The UK’s Debt Management Office updated its auction calendar this morning and raised planned gilt sales with £14bn for the current fiscal year. UK yields jumped 4 to 5 bpn higher at the opening and sterling, initially hovering sideways, followed in lockstep, benefitting from increased interest rate support. The upleg in both yields and the currency proved only temporary though. EUR/GBP rebounded from an intraday low around 0.847 and reversed losses completely by noon. There’s no clear explanation however. If anything, the UK House of Commons debating Johnson’s brexitdeal later today might be a reason for investor cautiousness. Anyway, EUR/GBP is currently trading unchanged at 0.85. Early cable gains also got erased rather soon with GBP/USD changing hands around 1.312.

News Headlines

Polish inflation accelerated more than expected in December, by 0.8 M/M and 3.4% Y/Y. The latter is the highest reading since June 2012 and approaches the upper end of the 1% tolerance band around the central bank’s 2.5% inflation target. The NBP meets tomorrow, but inflation hawks remain outnumbered for now. The Polish swap curve bear steepened with yields up to 12 bps higher. The zloty failed to profit. EUR/PLN rises towards 4.25.
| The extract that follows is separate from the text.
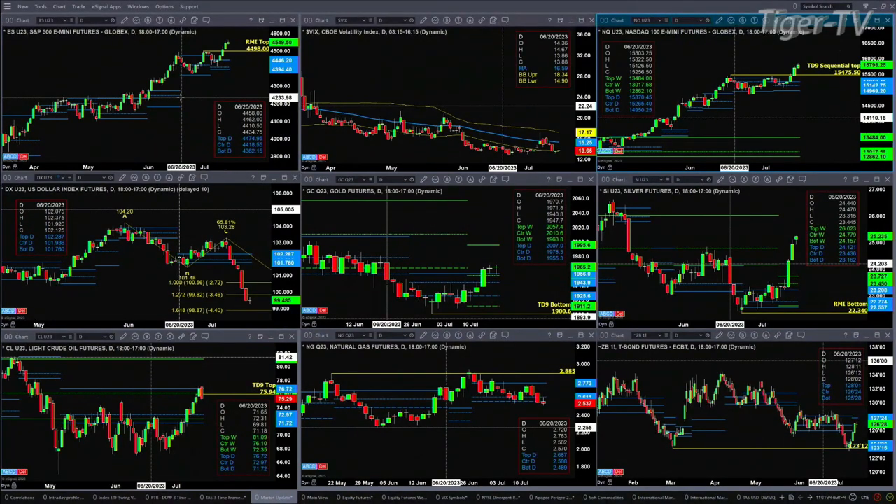The Nasdaq didn't negate its TD9 count — the TD Sequential count — yesterday, so that suggests higher price. It did trigger a Rhodes Minted Indicator signal — you don't see it here — and therefore a bearish reversal candle would also identify a top there.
Spanish Socialist leader Sanchez will lead the country’s first coalition government after narrowly getting backing from parliament in a 2nd investiture vote. 167 lawmakers backed the Socialists-Podemos minority government while 165 voted against. The abstention of 18 MP’s, including from the Catalan pro-independence ERC, was crucial to get Sanchez sworn in. Spanish assets didn’t react.
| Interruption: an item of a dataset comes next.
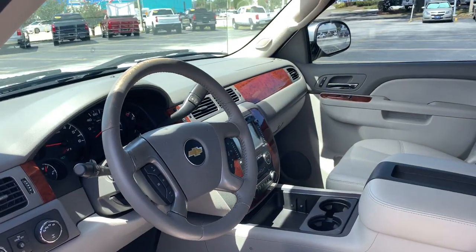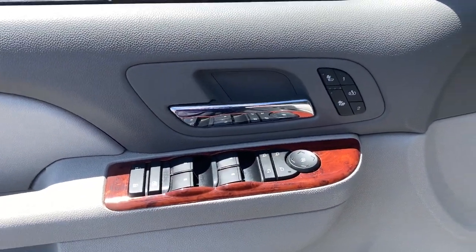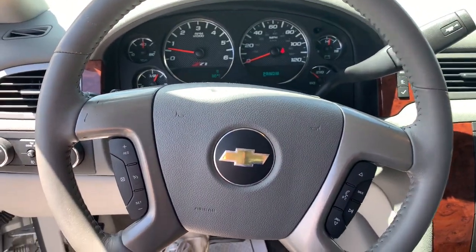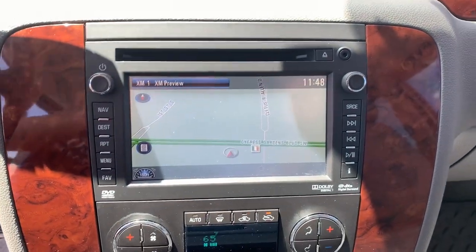The following are some of this vehicle's highlighted options: heated driver's seat, keyless entry, heated mirrors, satellite radio, fog lamps, remote engine start, premium sound system, power passenger seat, backup camera, iPod and MP3 input.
The UK’s debt management office (DMO) adjusted its Gilt sales programme for 2019-2020. Planned gilt sales are rising by £14bn to £136.8bn while Treasury bill sales increase by £2bn. The increase reflects the latest estimate of the government’s financing requirement for the remainder of 2019-20.
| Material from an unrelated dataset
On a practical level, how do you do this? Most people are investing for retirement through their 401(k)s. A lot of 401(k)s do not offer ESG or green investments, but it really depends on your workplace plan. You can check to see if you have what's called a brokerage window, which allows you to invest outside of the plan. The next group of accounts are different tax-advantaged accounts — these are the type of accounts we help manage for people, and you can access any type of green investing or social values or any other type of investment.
The US non-manufacturing ISM printed slightly stronger than expected rising from 53.9 to 55, showing a more upbeat picture compared to the manufacturing measure published last week. The market expected a more modest rise to 54.5. The activity sub-index rose to 57.2 from 51.6, but new orders eased to 54.9 from  57.1. Prices remained unchanged at a solid 58.5.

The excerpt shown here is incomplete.